Die der Akademie Remscheid erworbene Lehrbefähigung für Rock/Pop an Musikschulen wird zum passenden (Noten-)Schlüssel, um die Herzen junger Menschen zu öffnen und für Projekte wie Rockmessen, und -theater etc. zu begeistern. Sogar das Krippenspiel mit jungen Erwachsenen belebt der von Musik beseelte Wilcken mit E-Bass, Rhodes-Piano und Drumset. Zu seinen Favoriten der Populärmusik zählen Bob Marley und Jethro Tull, doch die Lieblinge des ernsthaften Menschen bleiben die Klassiker, insbesondere Händel, Bach, Boismortier, Brahms, Beethoven.
Dass Musik eine heilende Wirkung für Körper und Seele hat, erfährt Wilcken durch einen befreundeten Neurologen, der ihn um seine Mitwirkung bei der Forschung bittet. Dabei entsteht 1994 der Kontakt zum alternativen Ausbildungszweig „Altorientalische Musiktherapie.“ Wilcken erlernt Pferdehaar-Geigen, türkische Ud (Laute) und Ney (Flöte) sowie die Improvisation in vielen ‚Makamen‘ (Tonartenlehre) mit ihren ungleichen, nicht ‚vierteltönigen‘ Tonschritten. Mit diesem Handwerkszeug arbeitet Wilcken zwischen 1997 bis 2009 zunächst mit Schädel-Hirn-Trauma-Patienten, dann mehr und mehr mit Menschen, die „s Schlägle ʼtroffe hätt“, wie man in seiner alten Heimat – aus Wilckens Sicht allzu verniedlichend – zu sagen pflegte.
Sowohl als „musikalischer Seelsorger“ als auch als Kantor und Leiter verschiedener Chöre der Gemeinde der Evangelischen Paulusgemeinde Berlin-Tempelhof, wird Christoph Wilcken für seine musikalische wie menschliche Zugewandtheit geschätzt. Die klassische Kirchenmusik im Rahmen der Gottesdienste bringt er Jungen wie Alten mit viel Liebe, Feingefühl und geduldiger Unterstützung nahe.
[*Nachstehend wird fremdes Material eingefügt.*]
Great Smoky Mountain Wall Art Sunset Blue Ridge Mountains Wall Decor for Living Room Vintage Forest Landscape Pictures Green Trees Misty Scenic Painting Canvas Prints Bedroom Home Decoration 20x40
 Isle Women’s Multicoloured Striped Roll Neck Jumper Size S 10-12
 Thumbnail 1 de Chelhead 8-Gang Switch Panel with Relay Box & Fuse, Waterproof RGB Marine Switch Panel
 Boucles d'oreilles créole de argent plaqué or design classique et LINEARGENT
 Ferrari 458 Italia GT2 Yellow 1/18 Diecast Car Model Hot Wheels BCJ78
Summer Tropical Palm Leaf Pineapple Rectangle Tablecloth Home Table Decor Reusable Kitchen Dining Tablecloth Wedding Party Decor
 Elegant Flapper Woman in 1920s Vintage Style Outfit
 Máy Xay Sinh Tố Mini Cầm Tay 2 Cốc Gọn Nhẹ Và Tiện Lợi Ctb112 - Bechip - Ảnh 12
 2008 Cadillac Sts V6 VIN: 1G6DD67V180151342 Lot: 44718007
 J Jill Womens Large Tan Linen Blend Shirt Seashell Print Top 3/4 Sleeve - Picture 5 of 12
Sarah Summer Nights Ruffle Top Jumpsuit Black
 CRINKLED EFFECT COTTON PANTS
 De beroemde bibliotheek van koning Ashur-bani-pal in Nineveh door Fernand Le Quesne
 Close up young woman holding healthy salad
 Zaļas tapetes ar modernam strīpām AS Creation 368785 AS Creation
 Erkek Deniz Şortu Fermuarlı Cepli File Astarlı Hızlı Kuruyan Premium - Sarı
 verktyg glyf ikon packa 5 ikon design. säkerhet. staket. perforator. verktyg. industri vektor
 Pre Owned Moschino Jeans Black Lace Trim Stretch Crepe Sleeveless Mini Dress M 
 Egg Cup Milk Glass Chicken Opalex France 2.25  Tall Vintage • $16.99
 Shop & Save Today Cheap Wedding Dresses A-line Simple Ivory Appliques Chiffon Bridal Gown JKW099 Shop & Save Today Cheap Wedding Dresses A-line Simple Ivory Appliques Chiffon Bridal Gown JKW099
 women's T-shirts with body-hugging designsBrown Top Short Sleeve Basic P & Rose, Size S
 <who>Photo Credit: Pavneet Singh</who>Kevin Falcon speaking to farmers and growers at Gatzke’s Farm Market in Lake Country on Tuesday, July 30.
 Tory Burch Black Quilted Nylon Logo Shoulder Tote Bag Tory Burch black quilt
Ferner pflegt Wilcken als Organisator und Mitwirkender die musikalische Kultivierung in Tempelhof und Umgebung, u.a. mit verschiedenen Konzertreihen. Besonderer Beliebtheit erfreut sich hier „Orgel plus“, eine Reihe aufregender Tête-à-Têtes der Kirchenorgel sowohl mit klassischen Soloinstrumenten wie Klarinette, Saxophon, Klavier, Flügel als auch mit Exoten wie Alphorn, Marimba, Vibraphon. Nicht selten unter Beteiligung bekannter, profilierter Musiker der Berliner Jazzszene. Darüber hinaus organisiert Wilcken Orgelreisen, zum Beispiel zu den berühmten Barockorgeln nach Thüringen oder zur renommierten Berliner Orgelwerkstatt Karl Schuke und erteilt Orgelunterricht. Besonders am Herzen liegt ihm die musikalische Früherziehung, bei der er Kindern im Alter von 5 bis 7 Jahren viel Zeit und Aufmerksamkeit widmet und ihnen mit Blockflöte, Glockenspiel, Trommel und großem Einfühlungsvermögen spielerisch Grundlagen und Zusammenhänge von Klang, Musik, Rhythmus und Notensystem vermittelt.
Und schließlich blickt er auch gerne über die Orgelempore hinaus, scheut sich nicht vor Begegnungen mit anderen künstlerischen Disziplinen und erweitert den Kirchenraum zum Ausstellungsraum für Galerieausstellungen wie UNPLUGGED, an der er mit der Freude am kulturellen Austausch voll Empathie teilnimmt.